Here's the thing, though. I definitely get much, much too emotionally attached whilst in the midst of one of you. I am left heart broken at the end of every. single. on. of. you. I. read. Yet I keep coming back for more, and more. I find our relationship a tad bit unhealthy in this way.
I feel that every one I read leaves an undeniable part in me. Also how I view acting (I'm an actress in case you were not privy to this information). Taking on a role is simply taking a part of your personality that may not necessarily be often used, but making it your most prominent trait. Every character that you take on has to have some hole of a home in you that you must use all of you resources to bring to live to the best of your ability.
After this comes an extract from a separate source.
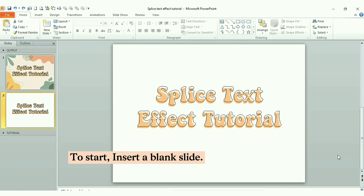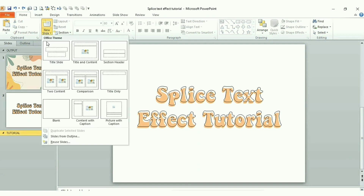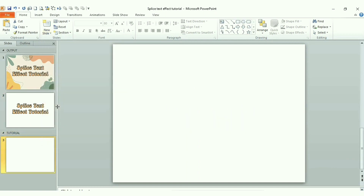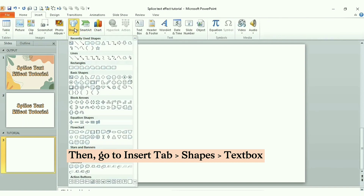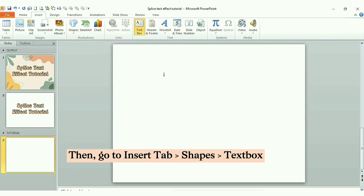To start, insert a blank slide. Then go to the Insert tab, then go to Shapes, and choose the text.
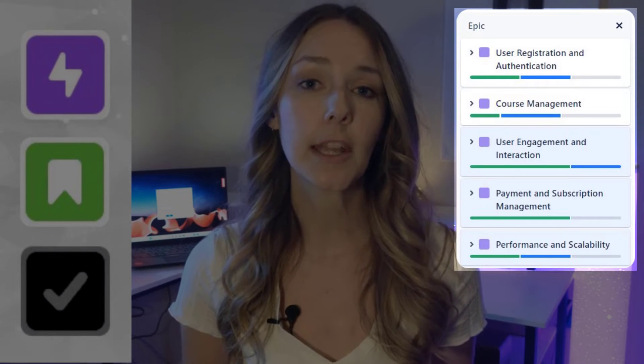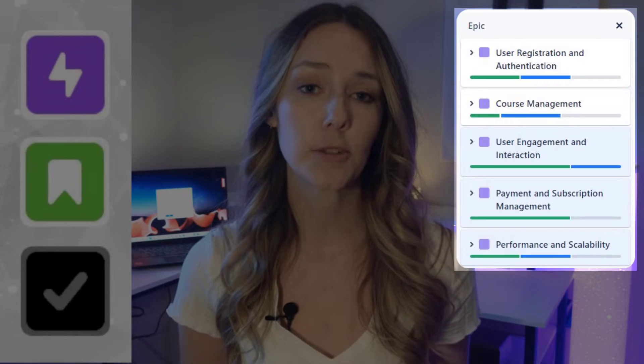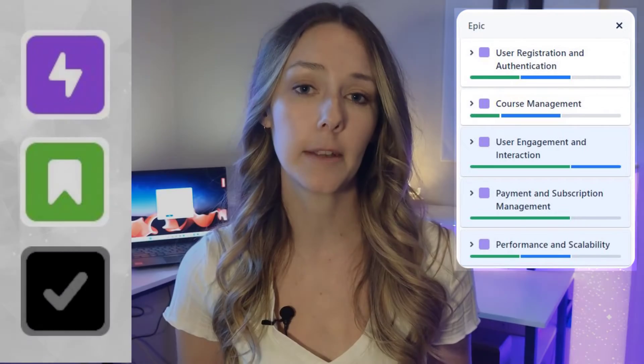For the online learning engine I'm creating, my 12-month project currently has five epics: user registration and authentication, course management, user engagement and interaction, payment and subscription management, and runtime performance and scalability. Most of my user stories fall within one of these five epics, but they don't have to — some will sit outside of these epics and that's okay. If I end up with a lot of related orphan user stories that sit alone, I might create a new epic, and if one of these epics ends up being easier to complete than I thought, I might remove it. None of this is written in stone — things are constantly changing in the world of software development, and that's why we pride ourselves on being agile.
I feel like you, Books, add to that stock hold of multiple personalities that I can pull out if the Cast of Characters requires.
Yet. Something in me dies with every one I finish. I just convince myself that something else is growing since reading is good for you so it balances out. So when I check out a boatload of books from the library I'm like, "Yeah! I'm gaining so much wisdom and knowledge that will seep into all other aspects of my life that I could in no other way gain and am therefore going to awesome beyond awesome!" And then I scoff at some illiterates as I pile my mountain into my car.
But really, I just think that with the more of you I read the more I die inside.
But I suppose that if the more of you I read the more characters I can portray that is certainly an even 1 up mushroom.
This of course excluding the fact that I will probably read more books than I will portray characters in my life.
So I guess I'm back to my resolution that reading books is killing me.